SS´['Å0-mod_sftp/0.9.7
Lß    ç_ªC.ÃÇdiffie-hellman-group-exchange-sha256,diffie-hellman-group-exchange-sha1,diffie-hellman-group14- ...

That is normal. Now use an SFTP client like FileZilla and try it out. You should use the exact same usernames and passwords as you did previously for FTP.


Comments, questions?

 

[zEitEr]

And what exactly troubles you?

 

[rootbsd]

I tried this the other day and there was no joy in Mudville for me on this matter. Still trying to figure out what I got wrong.

At which step did you have questions or problems?

 

[scsi]

You like joy in your mudville?

 

[nobaloney]

Mudville is the home town of the losing team in the Amercian ballad Casey at the Bat (wqikipedia.org).

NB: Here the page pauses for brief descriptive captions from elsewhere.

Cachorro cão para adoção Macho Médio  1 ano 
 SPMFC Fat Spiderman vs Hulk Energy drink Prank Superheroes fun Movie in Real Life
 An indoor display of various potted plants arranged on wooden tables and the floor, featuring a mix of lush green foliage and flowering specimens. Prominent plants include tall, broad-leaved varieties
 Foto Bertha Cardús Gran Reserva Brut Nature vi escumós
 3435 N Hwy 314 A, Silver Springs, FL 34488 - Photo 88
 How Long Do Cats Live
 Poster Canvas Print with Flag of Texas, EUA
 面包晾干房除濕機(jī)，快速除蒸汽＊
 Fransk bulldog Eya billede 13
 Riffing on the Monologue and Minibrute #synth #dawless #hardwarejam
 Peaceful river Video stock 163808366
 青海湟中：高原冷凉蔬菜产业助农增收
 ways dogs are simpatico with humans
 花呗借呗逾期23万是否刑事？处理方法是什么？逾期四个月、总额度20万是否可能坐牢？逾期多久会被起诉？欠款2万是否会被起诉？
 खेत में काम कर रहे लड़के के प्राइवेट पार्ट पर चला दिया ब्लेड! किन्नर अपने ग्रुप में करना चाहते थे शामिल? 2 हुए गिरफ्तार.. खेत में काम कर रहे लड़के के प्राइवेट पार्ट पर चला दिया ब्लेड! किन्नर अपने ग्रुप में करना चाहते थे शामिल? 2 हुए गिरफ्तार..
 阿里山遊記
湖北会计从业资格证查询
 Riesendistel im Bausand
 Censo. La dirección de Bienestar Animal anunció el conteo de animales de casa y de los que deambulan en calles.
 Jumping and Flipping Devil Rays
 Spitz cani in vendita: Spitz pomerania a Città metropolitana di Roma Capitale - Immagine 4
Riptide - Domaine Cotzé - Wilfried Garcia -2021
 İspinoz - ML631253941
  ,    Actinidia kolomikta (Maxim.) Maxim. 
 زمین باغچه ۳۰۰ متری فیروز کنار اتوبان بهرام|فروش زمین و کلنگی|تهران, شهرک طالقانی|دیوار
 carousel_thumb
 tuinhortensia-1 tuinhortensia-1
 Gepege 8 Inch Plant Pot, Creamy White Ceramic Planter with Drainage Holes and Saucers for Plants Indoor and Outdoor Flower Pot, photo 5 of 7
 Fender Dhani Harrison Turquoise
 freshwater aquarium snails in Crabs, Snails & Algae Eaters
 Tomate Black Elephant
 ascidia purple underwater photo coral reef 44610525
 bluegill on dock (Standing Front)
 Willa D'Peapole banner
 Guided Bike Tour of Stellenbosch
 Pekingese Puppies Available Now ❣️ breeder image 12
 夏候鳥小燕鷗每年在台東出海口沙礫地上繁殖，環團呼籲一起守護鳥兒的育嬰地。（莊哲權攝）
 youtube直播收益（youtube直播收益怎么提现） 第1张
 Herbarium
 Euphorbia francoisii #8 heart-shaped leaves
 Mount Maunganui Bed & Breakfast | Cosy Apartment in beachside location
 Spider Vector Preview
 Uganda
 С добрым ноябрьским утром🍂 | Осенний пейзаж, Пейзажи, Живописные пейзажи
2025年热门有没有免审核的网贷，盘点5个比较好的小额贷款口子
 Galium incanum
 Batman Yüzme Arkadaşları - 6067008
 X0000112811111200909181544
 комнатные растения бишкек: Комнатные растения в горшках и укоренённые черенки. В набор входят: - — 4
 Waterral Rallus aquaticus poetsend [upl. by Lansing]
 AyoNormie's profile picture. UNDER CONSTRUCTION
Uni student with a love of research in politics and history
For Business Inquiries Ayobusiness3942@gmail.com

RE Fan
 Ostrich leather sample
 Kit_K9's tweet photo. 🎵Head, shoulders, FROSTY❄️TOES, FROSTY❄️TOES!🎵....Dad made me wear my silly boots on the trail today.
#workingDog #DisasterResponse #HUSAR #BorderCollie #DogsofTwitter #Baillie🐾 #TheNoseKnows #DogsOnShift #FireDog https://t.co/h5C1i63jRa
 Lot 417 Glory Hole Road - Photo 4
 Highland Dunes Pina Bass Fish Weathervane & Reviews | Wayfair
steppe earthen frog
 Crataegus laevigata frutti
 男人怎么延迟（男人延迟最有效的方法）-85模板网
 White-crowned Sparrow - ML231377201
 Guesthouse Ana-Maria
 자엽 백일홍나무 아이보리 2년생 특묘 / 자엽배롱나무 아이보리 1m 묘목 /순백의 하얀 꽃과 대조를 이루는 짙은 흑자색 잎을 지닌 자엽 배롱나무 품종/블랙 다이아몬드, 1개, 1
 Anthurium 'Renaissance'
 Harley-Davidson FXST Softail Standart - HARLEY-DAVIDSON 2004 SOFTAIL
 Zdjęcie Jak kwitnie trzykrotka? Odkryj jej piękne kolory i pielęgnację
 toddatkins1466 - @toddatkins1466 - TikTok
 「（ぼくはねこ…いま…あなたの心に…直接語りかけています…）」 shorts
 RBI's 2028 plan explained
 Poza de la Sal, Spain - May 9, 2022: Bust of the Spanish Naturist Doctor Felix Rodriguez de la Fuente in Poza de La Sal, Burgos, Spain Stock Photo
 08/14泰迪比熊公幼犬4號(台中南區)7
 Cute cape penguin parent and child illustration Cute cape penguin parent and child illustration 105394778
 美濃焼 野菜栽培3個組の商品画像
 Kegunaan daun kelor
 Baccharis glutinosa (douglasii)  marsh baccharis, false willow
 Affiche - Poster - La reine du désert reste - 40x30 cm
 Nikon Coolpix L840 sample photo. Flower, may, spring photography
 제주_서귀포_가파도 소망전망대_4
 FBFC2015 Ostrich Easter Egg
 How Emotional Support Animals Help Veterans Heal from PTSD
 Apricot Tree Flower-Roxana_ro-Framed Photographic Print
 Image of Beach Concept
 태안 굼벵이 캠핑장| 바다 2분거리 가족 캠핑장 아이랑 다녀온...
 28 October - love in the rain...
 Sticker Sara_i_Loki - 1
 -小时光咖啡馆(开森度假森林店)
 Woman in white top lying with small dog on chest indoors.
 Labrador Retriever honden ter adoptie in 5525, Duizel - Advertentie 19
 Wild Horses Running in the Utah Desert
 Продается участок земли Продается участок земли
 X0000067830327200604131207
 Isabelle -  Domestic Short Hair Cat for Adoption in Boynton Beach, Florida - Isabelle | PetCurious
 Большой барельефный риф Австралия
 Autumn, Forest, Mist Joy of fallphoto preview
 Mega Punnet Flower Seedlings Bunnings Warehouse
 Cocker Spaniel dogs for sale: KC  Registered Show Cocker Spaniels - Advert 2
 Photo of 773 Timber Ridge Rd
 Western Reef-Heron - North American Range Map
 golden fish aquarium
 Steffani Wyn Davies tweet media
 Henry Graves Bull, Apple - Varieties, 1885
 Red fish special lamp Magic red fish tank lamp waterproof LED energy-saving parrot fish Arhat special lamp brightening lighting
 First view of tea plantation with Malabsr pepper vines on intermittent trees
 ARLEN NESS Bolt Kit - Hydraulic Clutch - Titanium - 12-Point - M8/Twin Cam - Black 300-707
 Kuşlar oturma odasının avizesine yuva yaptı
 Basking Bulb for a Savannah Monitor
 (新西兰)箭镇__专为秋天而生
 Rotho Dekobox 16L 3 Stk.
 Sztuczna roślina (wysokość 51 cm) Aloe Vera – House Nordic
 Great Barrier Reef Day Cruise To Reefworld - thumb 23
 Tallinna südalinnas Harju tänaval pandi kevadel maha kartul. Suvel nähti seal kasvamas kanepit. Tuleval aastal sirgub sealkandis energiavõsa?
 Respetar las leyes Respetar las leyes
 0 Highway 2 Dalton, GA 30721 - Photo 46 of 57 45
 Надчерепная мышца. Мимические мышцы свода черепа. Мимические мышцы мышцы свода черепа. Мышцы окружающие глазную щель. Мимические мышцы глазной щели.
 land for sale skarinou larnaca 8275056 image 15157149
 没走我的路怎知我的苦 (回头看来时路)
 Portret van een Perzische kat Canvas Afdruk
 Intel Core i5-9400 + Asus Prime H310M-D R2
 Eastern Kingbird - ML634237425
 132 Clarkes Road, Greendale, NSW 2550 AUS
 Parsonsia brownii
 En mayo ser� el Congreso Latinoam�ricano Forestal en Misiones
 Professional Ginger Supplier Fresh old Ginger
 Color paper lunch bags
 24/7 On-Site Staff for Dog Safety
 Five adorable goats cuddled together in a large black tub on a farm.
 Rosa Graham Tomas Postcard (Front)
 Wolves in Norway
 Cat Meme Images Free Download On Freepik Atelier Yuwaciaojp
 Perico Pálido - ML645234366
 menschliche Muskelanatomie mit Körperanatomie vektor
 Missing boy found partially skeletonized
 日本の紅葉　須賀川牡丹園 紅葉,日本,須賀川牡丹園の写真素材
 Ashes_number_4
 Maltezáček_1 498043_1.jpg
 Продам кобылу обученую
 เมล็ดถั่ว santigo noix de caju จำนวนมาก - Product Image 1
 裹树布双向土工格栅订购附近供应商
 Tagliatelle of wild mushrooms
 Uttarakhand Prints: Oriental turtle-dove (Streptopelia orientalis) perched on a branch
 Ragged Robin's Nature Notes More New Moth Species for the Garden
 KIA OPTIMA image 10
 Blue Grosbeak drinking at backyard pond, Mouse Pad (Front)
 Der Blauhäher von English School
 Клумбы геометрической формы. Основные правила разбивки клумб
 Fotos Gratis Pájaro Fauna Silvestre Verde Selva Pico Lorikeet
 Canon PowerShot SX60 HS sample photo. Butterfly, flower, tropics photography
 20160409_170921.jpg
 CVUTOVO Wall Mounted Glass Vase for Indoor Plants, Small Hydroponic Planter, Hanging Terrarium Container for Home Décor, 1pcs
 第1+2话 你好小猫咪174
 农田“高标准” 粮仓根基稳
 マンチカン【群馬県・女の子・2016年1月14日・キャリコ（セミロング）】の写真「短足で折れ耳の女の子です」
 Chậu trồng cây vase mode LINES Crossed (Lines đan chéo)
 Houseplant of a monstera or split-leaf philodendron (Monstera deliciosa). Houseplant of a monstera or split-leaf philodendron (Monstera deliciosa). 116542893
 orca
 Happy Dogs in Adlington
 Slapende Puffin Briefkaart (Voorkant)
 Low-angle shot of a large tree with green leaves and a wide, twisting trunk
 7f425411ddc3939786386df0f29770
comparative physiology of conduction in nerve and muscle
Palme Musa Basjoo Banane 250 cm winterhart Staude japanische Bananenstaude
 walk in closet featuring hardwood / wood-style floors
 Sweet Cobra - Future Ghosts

Oh, somewhere in this favored land the sun is shining bright;
The band is playing somewhere, and somewhere hearts are light,
And somewhere men are laughing, and somewhere children shout;
But there is no joy in Mudville — mighty Casey has struck out.

Jeff

 

[nealdxmhost]

At which step did you have questions or problems?

I completely forgot about this issue until today when I got hit with a PCI compliance issue on this.

Basically what is happening is I follow all the steps and then I attempt to use filezilla and connect to port 22000 (same as my ssh port) with an ftp user and I get a message saying SFTP is not supported.

Should I be using sftp://somedomain.com ????

 

[zEitEr]

I attempt to use filezilla and connect to port 22000 (same as my ssh port) with an ftp user and I get a message saying SFTP is not supported.

Why do you try to connect on SSH port then? You should use the port you defined in proftpd.conf.

Note, proftpd and sshd should listen on different ports, not the same one.

 

[nealdxmhost]

Why do you try to connect on SSH port then? You should use the port you defined in proftpd.conf.

Note, proftpd and sshd should listen on different ports, not the same one.

You are right, I set the port in proftpd.conf to 21000 and in filezilla I put sftp://domainname and 21000 for the port and it worked like a charm!!!